The Sundial [Peckham 1993] dialogues, comprising approximately 100 dialogues, are early Wizard of Oz (WOZ) dialogues in which subjects via the telephone seek time and route information on British Airways flights and sometimes on other airline flights as well. The emerging system seems to understand the following types of domain information:

  1. Departure airport including terminal.
  2. Arrival airport including terminal.
  3. Time-tabled departure date.
  4. Time-tabled departure time.
  5. Time-tabled arrival date.
  6. Time-tabled arrival time.
  7. Flight number.
  8. Actual departure date (not verified).
  9. Actual departure time.
  10. Actual arrival date (not verified).
  11. Actual arrival time.
  12. Distinction between BA flights which it knows about, and other flights which it does not know about but for which users are referred to airport help desks, sometimes by being given the phone numbers of those desks.

The corpus was produced by 10 subjects who each performed 9 or 10 dialogues based on scenarios selected from a set of 24 scenarios. We do not have these scenarios. We only have the transcriptions of the dialogues. The transcriptions came with a header which identifies each dialogue, markup of user and system utterances, consecutive numbering of the lines in each dialogue transcription, and markup of pauses, ahs, hmms and coughs. For the markup of communication problems we changed the original markup of utterances using a primitive TEI-like annotation to make each utterance unique across the entire corpus. In addition, we added markup for communication problems.

We selected 48 dialogues from the Sundial WOZ corpus for markup of communciation problems. These dialogues were selected such that each subject is represented with an approximately equal number of dialogues and each scenario is used in two dialogues. Three dialogues were used for training of a novice user of the guidelines. The remaining 45 dialogues were independently annotated and analysed by two experts in using the guidelines and one novice. Each system utterance was analysed in isolation as well as in its dialogue context to identify violations of the guidelines. Utterances which reflected one or more communication problems were annotated with indication of the guideline(s) violated and a brief explanation of the problem(s). For more detailed information on how it was done, see the section on how to use the guidelines as a design guide.
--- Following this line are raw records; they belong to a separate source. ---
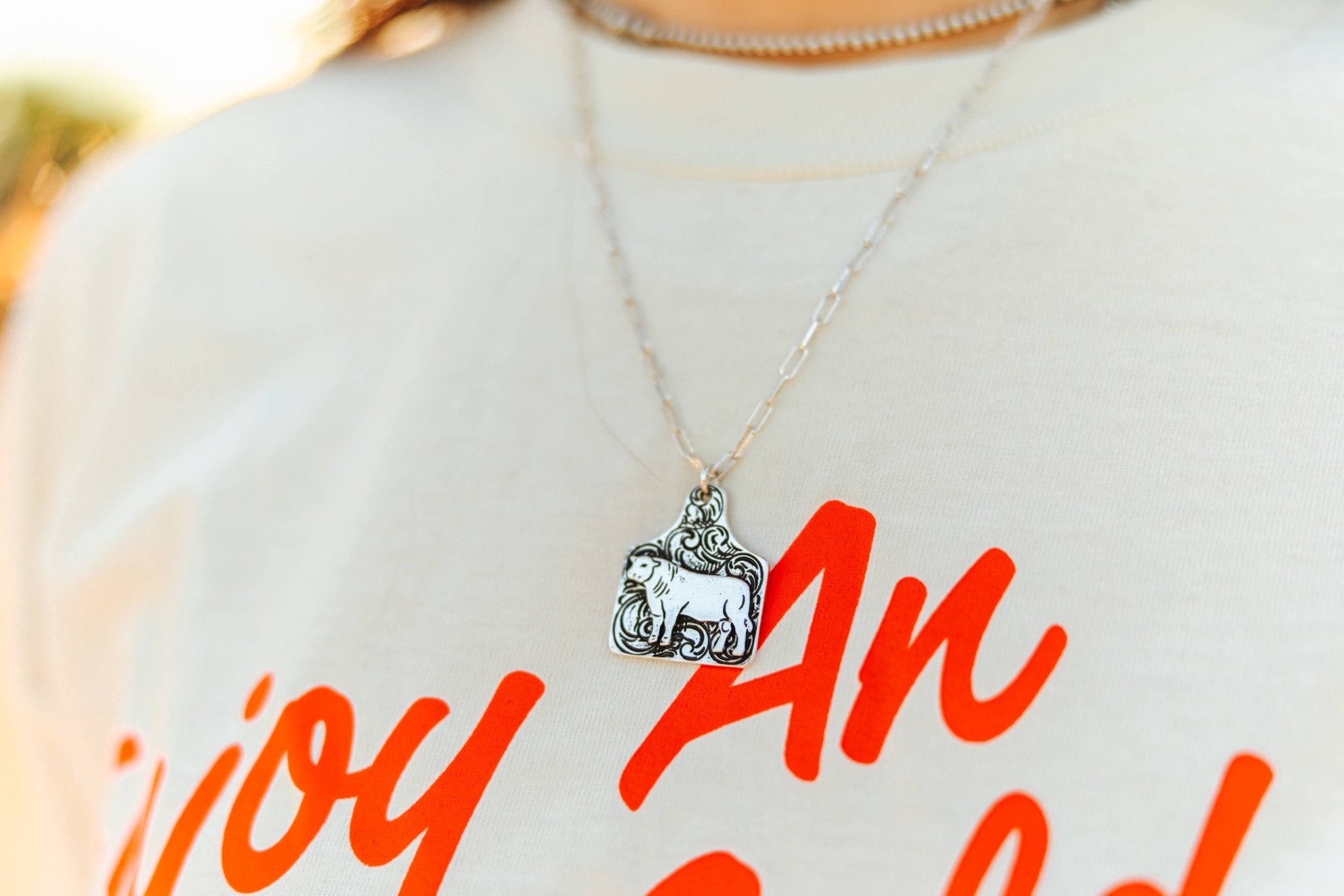 Cow Etched Cattle Tag Necklace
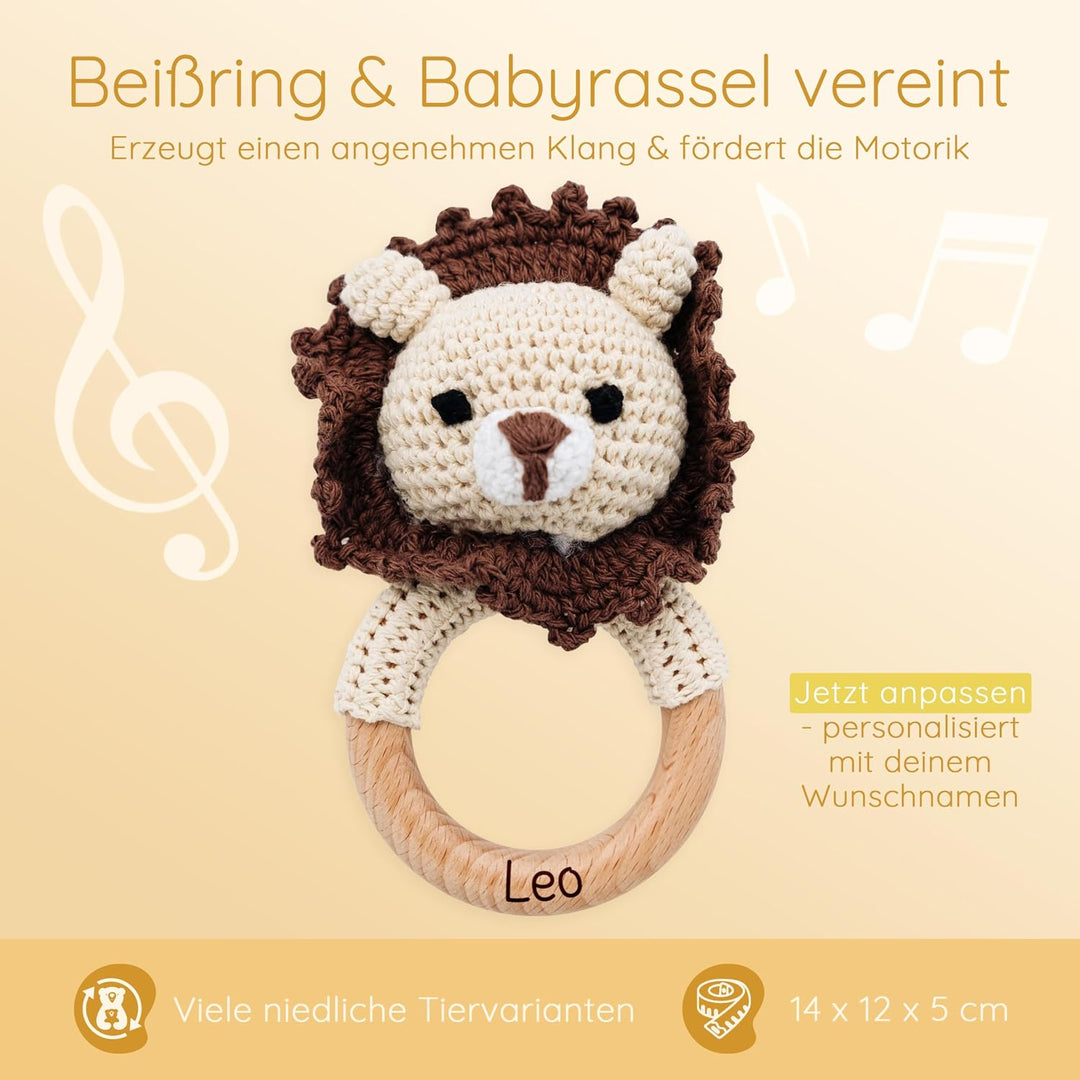 Bärenfreunde® - Personalisierter Beissring Baby - Niedlicher Greifling für Baby&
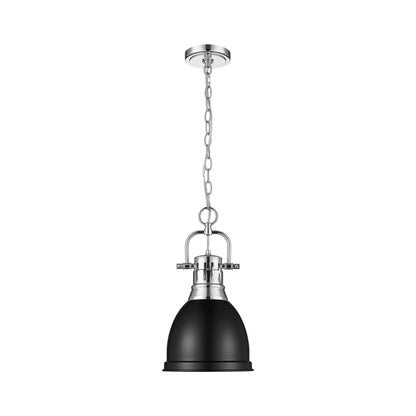 Yep by Golden Lighting Duncan 1-light 9in Chain Hung Pendant in Chrome and Matte Black shade - - Golden Lighting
It should be mentioned that the simulated system understands the user amazingly well and in many respects behaves just like a human travel agent. The implication is that several of the guidelines, such as GG11, SG6 and SG7 on background knowledge, and GG13, SG9, SG10 and SG11 on meta-communication are not likely to be violated in the transcribed dialogues. It should be added that it is not accidental that exactly these guidelines are not likely to be violated in the transcribed dialogues. The reason is that it is difficult to realistically simulate the limited meta-communication and background-understanding abilities of implemented systems. As to the novice/expert distinction (SG7), this is hardly relevant to sophisticated flight information systems such as the present one. A final guideline which is not likely to be violated in the transcriptions, is SG1 on user commitments. The reason simply is that users seeking flight information do not make any commitments: they merely ask for information.